▸ **Activity**
In the entries below, find the line with "Winterpanorama Van Reinebringen" and the line with "Villa Il Casalino, Florentine". Print those two and everything between them exactly, and nothing else.

▸ **Supplied records**
====

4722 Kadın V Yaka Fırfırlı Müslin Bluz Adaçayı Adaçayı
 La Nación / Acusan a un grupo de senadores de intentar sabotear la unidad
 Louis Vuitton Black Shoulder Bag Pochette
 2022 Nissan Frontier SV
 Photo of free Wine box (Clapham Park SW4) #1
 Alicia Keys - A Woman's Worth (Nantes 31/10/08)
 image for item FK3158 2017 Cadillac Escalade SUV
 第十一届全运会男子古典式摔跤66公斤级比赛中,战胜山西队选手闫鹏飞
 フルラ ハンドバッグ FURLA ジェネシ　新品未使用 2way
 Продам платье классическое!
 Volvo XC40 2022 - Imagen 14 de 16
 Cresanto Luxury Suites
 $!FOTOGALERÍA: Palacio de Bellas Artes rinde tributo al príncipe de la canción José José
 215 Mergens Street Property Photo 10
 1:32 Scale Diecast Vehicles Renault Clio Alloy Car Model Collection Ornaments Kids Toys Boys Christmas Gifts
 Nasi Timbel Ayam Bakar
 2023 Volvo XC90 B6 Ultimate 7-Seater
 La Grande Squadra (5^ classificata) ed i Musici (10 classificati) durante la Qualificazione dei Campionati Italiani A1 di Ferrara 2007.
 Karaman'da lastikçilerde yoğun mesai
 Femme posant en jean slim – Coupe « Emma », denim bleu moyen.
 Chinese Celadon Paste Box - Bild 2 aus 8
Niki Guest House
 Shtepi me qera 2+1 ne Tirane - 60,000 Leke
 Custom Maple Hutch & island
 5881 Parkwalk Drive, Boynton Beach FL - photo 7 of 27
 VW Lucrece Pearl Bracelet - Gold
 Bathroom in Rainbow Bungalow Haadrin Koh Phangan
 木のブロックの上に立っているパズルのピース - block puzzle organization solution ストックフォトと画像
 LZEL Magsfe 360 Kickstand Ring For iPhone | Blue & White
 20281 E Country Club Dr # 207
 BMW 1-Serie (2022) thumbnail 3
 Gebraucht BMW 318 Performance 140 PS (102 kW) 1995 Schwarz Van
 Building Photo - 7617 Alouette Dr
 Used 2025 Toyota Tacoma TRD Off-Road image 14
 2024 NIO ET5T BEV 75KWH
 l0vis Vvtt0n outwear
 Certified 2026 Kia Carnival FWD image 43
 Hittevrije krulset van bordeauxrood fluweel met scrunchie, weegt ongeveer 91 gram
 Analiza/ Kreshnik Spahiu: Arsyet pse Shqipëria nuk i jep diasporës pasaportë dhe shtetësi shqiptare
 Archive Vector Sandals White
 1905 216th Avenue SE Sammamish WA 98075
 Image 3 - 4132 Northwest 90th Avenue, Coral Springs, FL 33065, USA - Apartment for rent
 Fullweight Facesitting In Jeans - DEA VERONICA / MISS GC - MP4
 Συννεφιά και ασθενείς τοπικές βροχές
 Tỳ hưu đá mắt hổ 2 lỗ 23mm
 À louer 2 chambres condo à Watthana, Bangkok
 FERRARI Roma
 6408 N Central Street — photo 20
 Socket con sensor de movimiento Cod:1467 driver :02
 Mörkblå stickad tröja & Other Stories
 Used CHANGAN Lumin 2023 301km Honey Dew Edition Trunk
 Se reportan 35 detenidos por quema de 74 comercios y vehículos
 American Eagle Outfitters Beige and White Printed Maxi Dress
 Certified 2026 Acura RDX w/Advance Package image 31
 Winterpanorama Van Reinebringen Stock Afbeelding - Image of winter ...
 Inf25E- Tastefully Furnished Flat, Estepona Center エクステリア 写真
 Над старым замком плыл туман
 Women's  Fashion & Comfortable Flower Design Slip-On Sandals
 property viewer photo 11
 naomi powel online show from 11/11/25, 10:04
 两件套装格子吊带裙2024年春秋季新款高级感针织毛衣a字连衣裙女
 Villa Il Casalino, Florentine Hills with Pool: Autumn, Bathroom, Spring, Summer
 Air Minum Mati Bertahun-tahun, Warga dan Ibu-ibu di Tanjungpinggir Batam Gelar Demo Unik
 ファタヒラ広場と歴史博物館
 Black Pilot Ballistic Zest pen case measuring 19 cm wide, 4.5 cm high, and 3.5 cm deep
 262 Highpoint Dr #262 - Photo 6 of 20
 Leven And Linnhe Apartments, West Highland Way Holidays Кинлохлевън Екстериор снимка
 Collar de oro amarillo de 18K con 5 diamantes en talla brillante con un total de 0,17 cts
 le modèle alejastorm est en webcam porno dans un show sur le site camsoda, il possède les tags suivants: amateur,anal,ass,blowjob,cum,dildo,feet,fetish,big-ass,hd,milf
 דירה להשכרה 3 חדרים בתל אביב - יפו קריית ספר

====

▸ **Solution to this task**
 Winterpanorama Van Reinebringen Stock Afbeelding - Image of winter ...
 Inf25E- Tastefully Furnished Flat, Estepona Center エクステリア 写真
 Над старым замком плыл туман
 Women's  Fashion & Comfortable Flower Design Slip-On Sandals
 property viewer photo 11
 naomi powel online show from 11/11/25, 10:04
 两件套装格子吊带裙2024年春秋季新款高级感针织毛衣a字连衣裙女
 Villa Il Casalino, Florentine Hills with Pool: Autumn, Bathroom, Spring, Summer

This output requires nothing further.